I have a struct that looks like this
struct LstmLayer {
int deviceId;
thrust::device_vector <real_t> W;
thrust::device_vector <real_t> gradW;
LstmLayer() : deviceId(0) {}
LstmLayer(int __deviceId__) : deviceId(__deviceId__) {}
void setDevice(int __deviceId__) { deviceId = __deviceId__; }
void init(bool initParams) {
W.resize(4*lstmSize * 2*lstmSize);
gradW.resize(4*lstmSize * 2*lstmSize);
if (initParams) GPU_Random_Vector(W);
}
}
Now I want to initialize an array of LstmLayer
, with each element on a different GPU device. I do it as follows
struct LstmLayer lstmLayers[MAX_NUM_LSTM_LAYERS];
for (int i = 0; i < numLstmLayers; ++i) {
CUDA_SAFE_CALL(cudaSetDevice(i));
lstmLayers[i].setDevice(i);
lstmLayers[i].init(true);
}
Running this program gives the following error
terminate called after throwing an instance of 'thrust::system::system_error'
what(): driver shutting down
Please tell me what's wrong with my code and how to do it right? Thank you in advanced.
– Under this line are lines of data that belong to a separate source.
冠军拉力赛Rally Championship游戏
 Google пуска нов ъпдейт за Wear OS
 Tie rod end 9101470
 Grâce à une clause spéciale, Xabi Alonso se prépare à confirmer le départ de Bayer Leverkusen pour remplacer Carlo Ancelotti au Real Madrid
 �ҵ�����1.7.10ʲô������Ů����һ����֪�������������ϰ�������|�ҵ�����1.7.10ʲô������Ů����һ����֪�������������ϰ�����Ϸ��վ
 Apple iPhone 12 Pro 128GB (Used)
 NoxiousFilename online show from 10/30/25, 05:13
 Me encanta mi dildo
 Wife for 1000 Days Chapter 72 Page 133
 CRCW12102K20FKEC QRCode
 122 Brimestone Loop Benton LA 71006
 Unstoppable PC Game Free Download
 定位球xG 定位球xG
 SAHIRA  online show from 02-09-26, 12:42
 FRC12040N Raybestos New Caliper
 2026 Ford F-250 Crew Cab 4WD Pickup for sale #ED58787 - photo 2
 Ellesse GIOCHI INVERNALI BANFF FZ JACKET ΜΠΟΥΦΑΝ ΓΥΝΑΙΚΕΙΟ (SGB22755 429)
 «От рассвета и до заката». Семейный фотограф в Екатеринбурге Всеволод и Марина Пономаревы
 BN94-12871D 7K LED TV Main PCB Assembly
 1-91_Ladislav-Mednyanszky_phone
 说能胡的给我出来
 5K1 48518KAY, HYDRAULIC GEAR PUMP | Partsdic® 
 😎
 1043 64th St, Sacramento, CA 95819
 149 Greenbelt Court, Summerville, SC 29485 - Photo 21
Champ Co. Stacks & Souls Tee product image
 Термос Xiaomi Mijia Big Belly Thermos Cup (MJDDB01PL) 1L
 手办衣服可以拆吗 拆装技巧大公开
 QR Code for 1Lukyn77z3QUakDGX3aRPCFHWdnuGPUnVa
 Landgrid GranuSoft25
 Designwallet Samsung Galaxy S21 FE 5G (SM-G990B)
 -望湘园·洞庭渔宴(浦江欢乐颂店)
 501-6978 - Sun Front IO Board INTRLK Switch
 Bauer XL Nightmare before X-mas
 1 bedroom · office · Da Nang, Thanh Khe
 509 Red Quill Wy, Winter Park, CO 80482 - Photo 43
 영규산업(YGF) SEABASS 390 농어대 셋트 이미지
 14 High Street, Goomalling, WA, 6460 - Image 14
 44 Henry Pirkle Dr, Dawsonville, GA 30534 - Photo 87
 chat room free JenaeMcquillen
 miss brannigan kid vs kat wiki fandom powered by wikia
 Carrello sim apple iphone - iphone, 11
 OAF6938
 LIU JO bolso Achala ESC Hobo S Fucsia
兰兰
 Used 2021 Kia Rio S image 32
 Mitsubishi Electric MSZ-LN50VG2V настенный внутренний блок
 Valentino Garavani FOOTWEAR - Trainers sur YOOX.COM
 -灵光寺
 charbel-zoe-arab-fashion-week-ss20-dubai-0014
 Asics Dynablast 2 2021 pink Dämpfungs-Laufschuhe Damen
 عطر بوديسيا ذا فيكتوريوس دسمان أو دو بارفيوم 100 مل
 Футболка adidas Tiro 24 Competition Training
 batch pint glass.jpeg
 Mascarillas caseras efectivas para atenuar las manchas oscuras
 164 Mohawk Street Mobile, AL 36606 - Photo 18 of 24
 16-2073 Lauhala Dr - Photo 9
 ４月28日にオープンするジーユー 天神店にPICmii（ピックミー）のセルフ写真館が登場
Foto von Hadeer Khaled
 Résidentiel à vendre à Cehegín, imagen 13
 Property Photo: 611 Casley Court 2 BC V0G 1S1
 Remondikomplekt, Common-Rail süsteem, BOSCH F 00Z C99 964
The problem is you are instantiating all the vectors in the same CUDA GPU context, then trying to use them in a different context. This happens because the default constructor for each device_vector
gets called when you define the array of structures. To annotate your code:
struct LstmLayer lstmLayers[MAX_NUM_LSTM_LAYERS]; // default constructor for each device vector called here in one GPU context.
for (int i = 0; i < numLstmLayers; ++i) {
CUDA_SAFE_CALL(cudaSetDevice(i));
lstmLayers[i].setDevice(i);
lstmLayers[i].init(true); // Error here, you changed to a different device and called resize
}
The solution is probably to redefine the device vectors as pointers, and explicitly call their constructors in your init
method. There are a lot of different ways this could be done, for example:
struct LstmLayer {
int deviceId;
thrust::device_vector <real_t> * W;
thrust::device_vector <real_t> * gradW;
LstmLayer() : deviceId(0) {}
LstmLayer(int __deviceId__) : deviceId(__deviceId__) {}
void setDevice(int __deviceId__) { deviceId = __deviceId__; }
void init(bool initParams) {
W = new thrust::device_vector<real_t>(4*lstmSize * 2*lstmSize);
gradW = new thrust::device_vector<real_t>(4*lstmSize * 2*lstmSize);
if (initParams) GPU_Random_Vector(W);
}
}
[disclaimer: written in browser, never compiled, use at own risk]
obviously you would need to defined a destructor to prevent memory leaks. There are other possibilities, I'll leave that as an exercise to the reader.